Model Training & Hyperparameter Tuning  
I would use a Logistic Regression model with a penalty to prevent overfitting. The two common types are L1 (Lasso) and L2 (Ridge) penalties. L1 can help with feature selection by driving some coefficients to zero, while L2 is better for reducing the impact of less important features. I would use cross-validation on the training data to adjust the hyperparameters, mainly the regularization strength (C parameter). A Grid Search or Randomized Search would help find the best 'C' and 'penalty' combination for optimal performance.  

Model Evaluation  
Given the imbalanced nature of the data, accuracy is not a reliable measure. Instead, I would focus on metrics that provide better insights for imbalanced datasets:  

- **Precision**: The percentage of positive identifications that were correct. This ensures that when we predict a customer will respond, they actually do.  

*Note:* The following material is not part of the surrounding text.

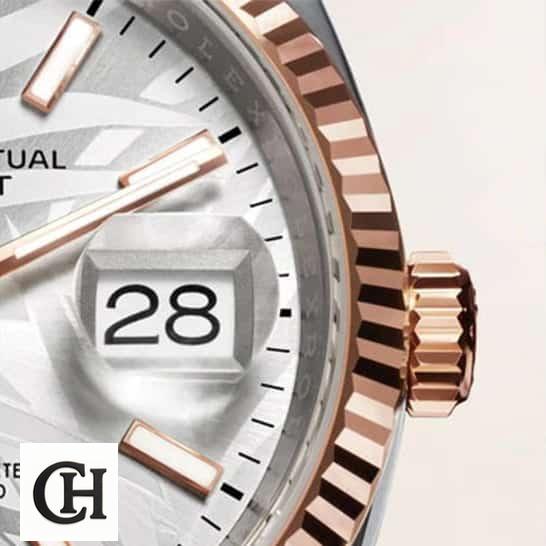 Rolex Datejust 126231 "Two Tone" Authentic 2 11 Rolex Datejust 36 126231-0033 Rose Gold Fluted Bezel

- **Recall**: The percentage of actual responders that were correctly identified. This is vital for capturing potential responders.  
- **F1-Score**: The harmonic mean of precision and recall. It offers a single score that balances both metrics.  
- **Area Under the Receiver Operating Characteristic Curve (AUC-ROC)**: This metric assesses the model's ability to tell apart the positive and negative classes. An AUC of 1.0 indicates a perfect model, while 0.5 indicates a random guess. A higher AUC is always better.